- _Task details_
This task calls for the lines below starting at the one containing "Retraites : des" and ending at the one containing "Benjamin Hall gives", repeated exactly with both ends kept and pictures left out.

- _Input records_
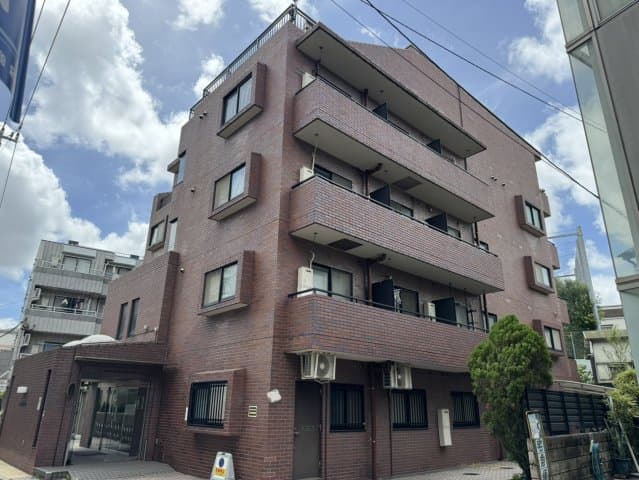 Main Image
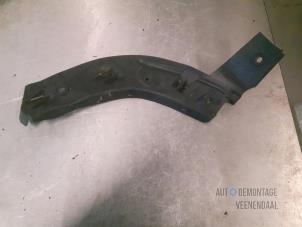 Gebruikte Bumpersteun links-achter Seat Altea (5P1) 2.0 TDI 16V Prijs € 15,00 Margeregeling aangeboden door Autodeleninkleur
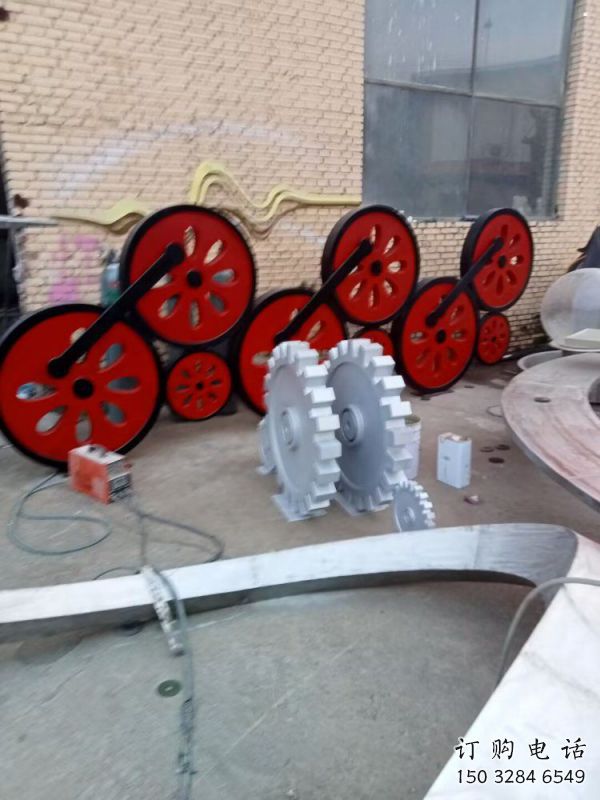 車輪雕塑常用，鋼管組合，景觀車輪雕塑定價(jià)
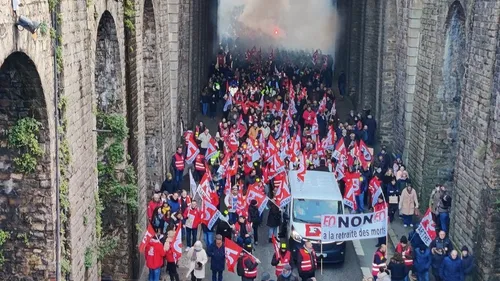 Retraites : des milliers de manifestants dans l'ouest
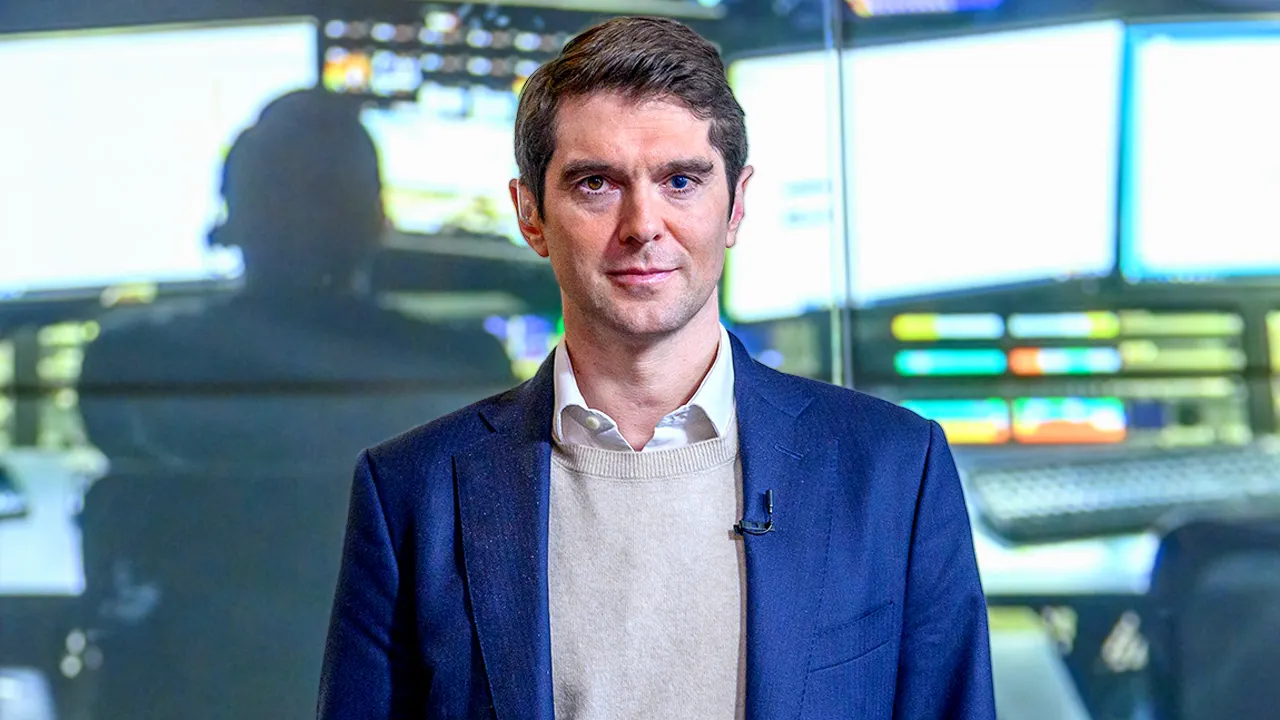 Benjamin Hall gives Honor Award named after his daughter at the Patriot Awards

---

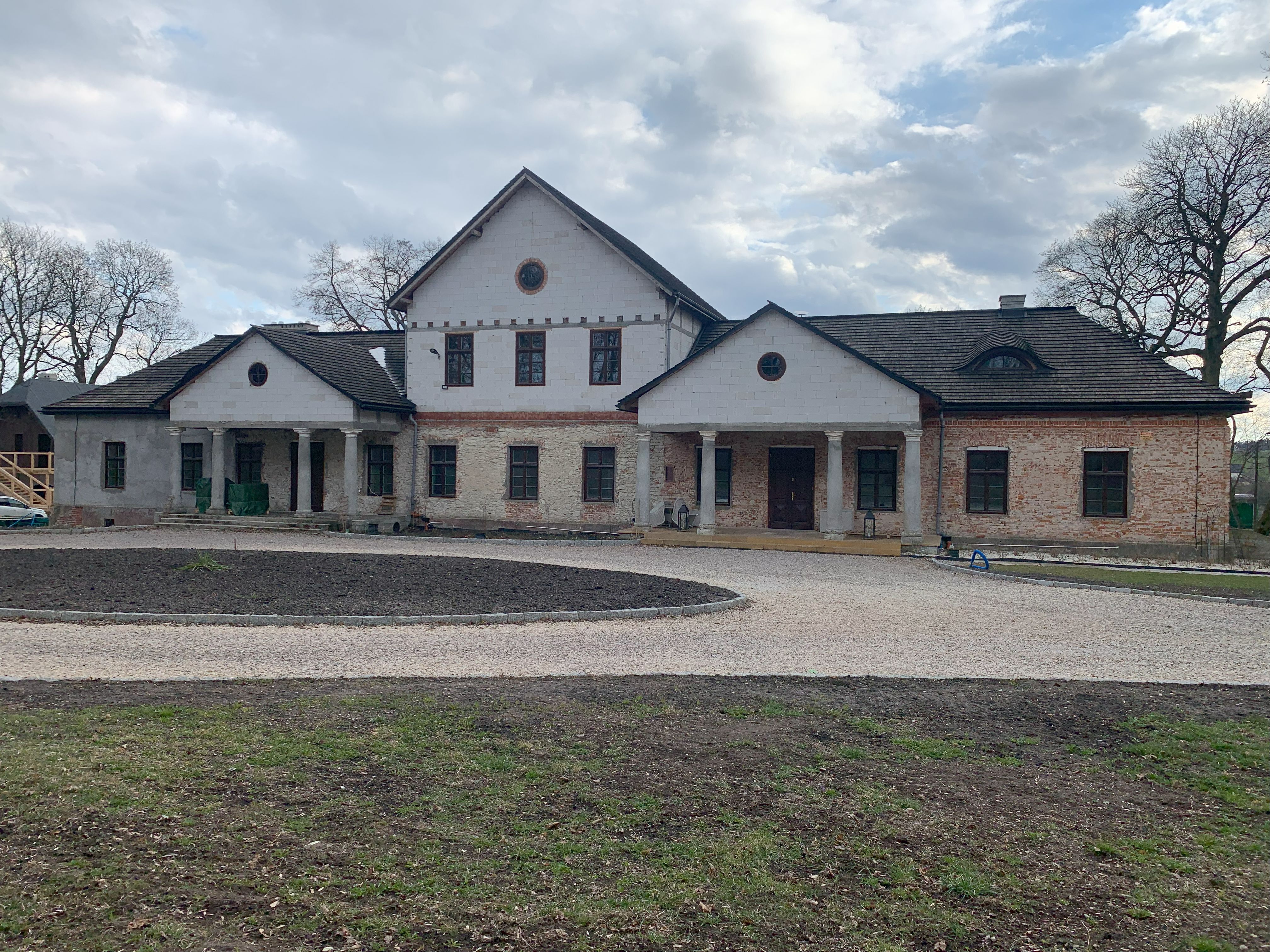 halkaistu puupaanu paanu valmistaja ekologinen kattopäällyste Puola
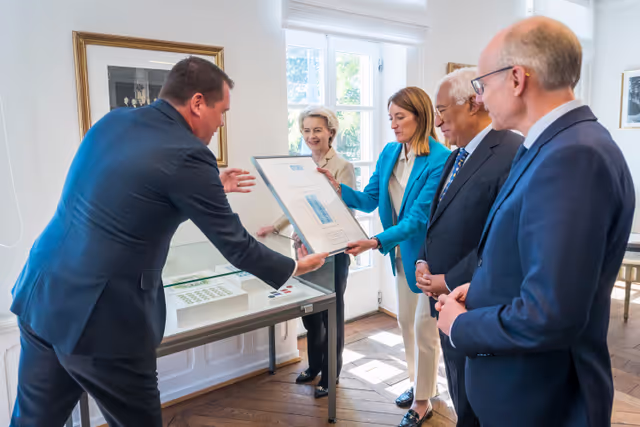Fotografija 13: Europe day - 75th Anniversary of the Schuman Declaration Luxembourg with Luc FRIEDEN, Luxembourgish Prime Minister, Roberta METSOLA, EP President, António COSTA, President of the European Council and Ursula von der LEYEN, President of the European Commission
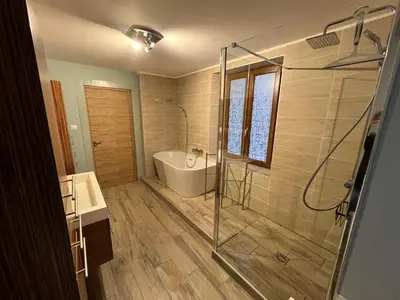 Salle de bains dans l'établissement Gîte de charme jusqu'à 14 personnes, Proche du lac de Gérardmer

==

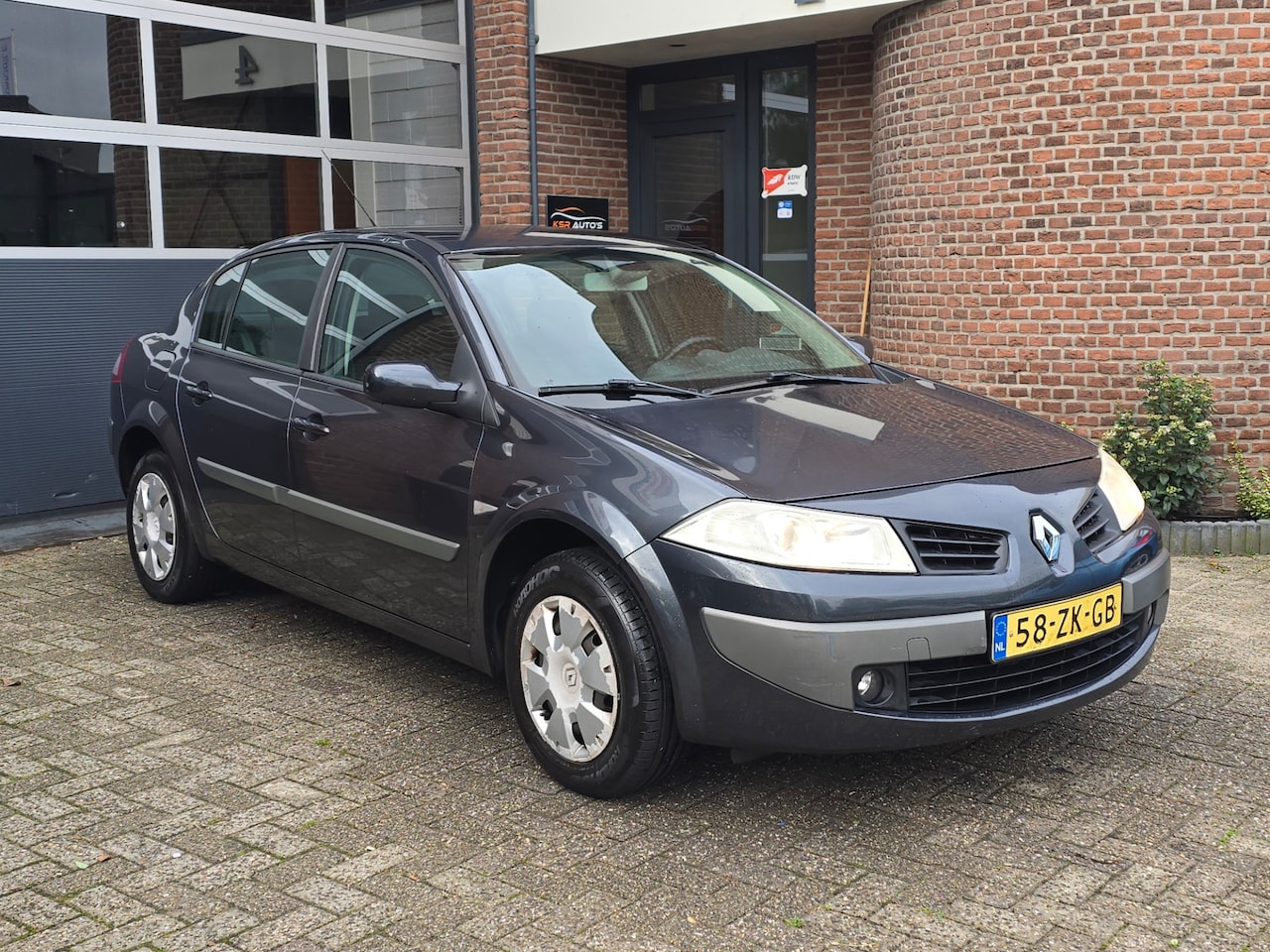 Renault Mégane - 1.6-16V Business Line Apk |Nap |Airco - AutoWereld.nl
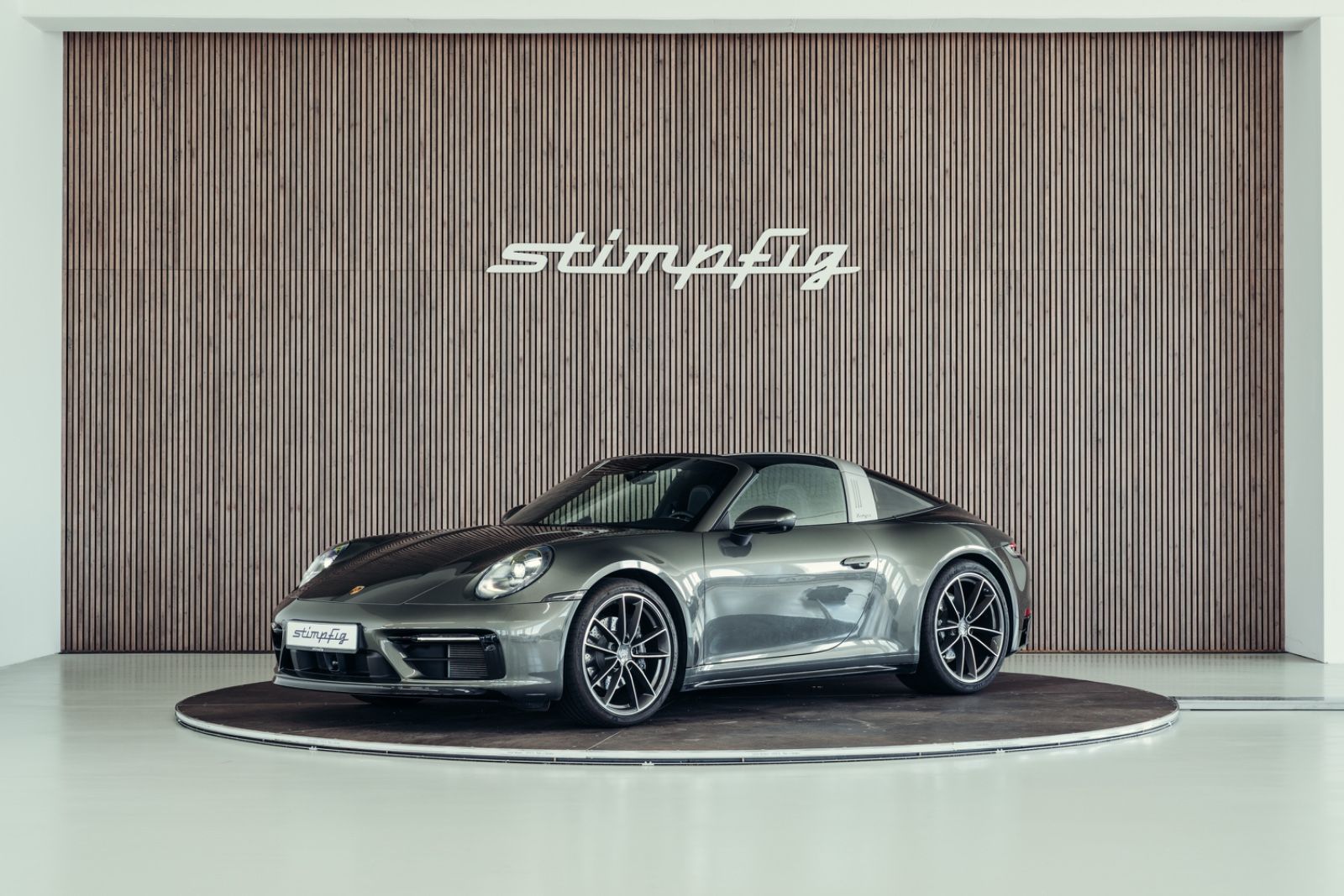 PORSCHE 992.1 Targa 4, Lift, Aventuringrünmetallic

- _Response_
 Retraites : des milliers de manifestants dans l'ouest
 Benjamin Hall gives Honor Award named after his daughter at the Patriot Awards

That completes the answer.